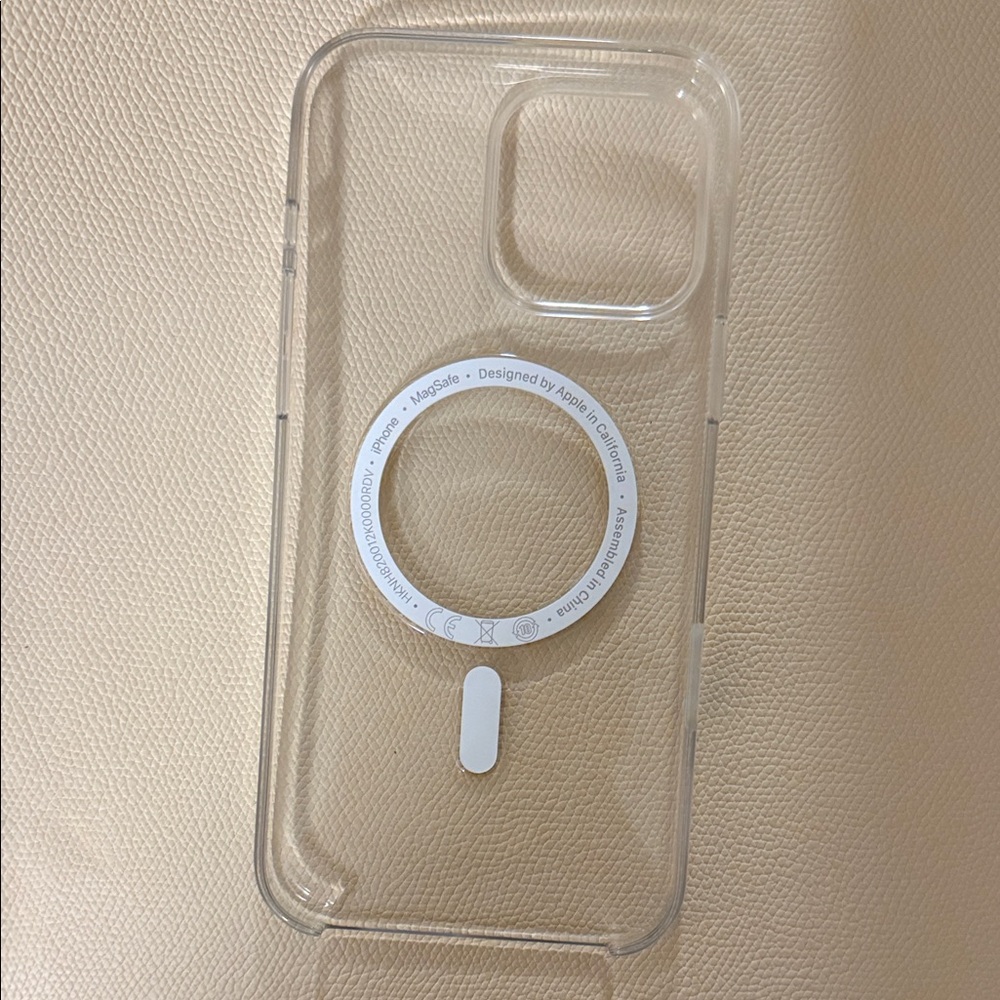 Apple Transparent MagSafe iPhone Case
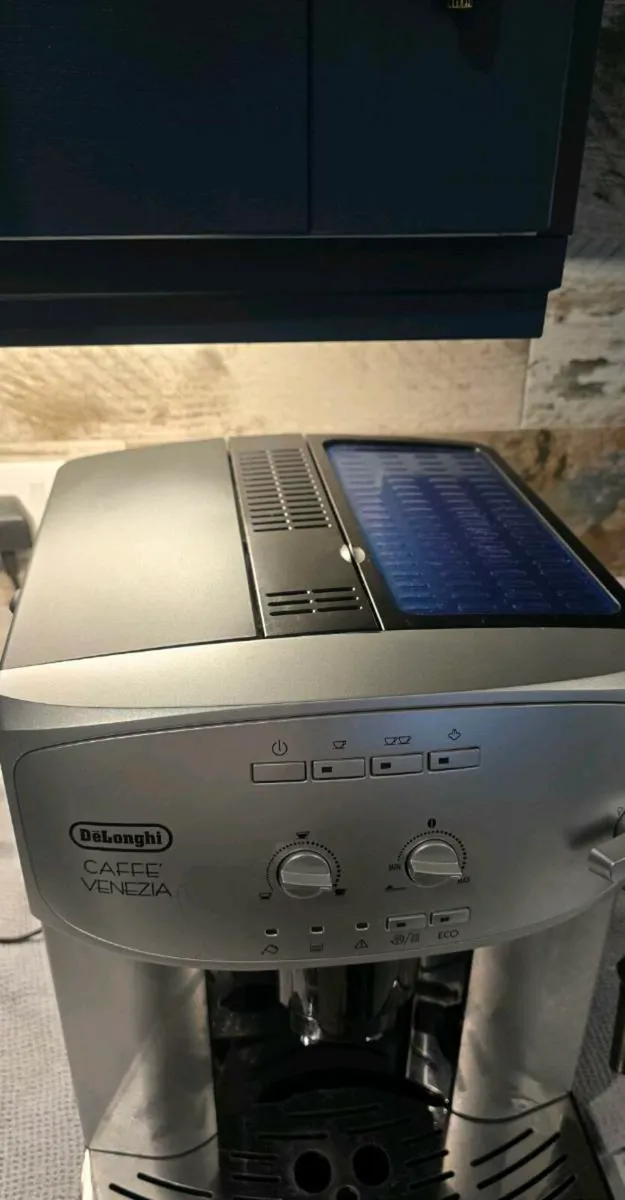 Delonghi Coffee machine - Image 3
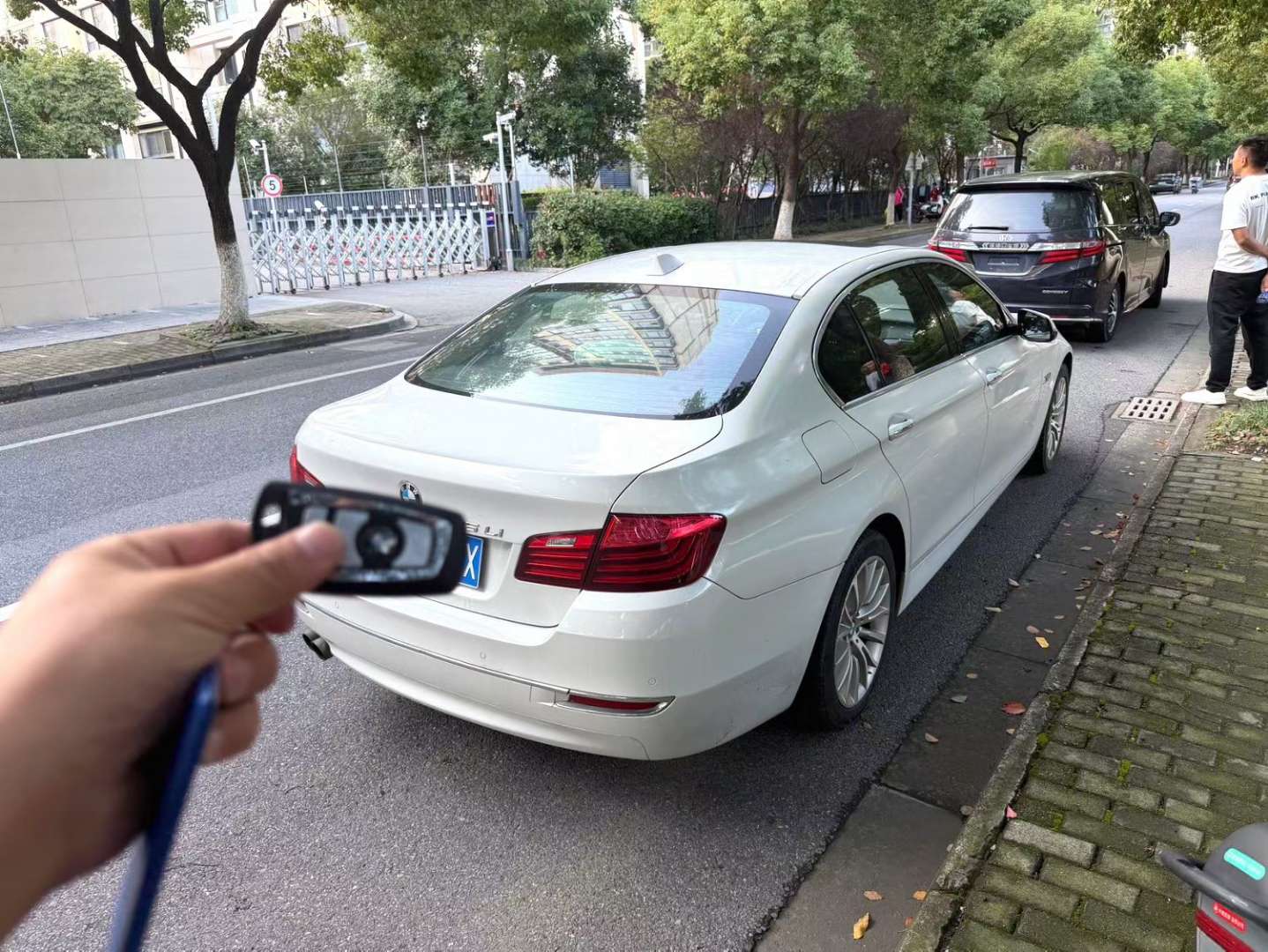 BMW 5 Series 2017 525Li Leading Luxury Edition 9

-.-.-

## Task brief
Give back the full data exactly as it reads, but drop the pictures.

## Answer to this task
 Apple Transparent MagSafe iPhone Case
 Delonghi Coffee machine - Image 3
 BMW 5 Series 2017 525Li Leading Luxury Edition 9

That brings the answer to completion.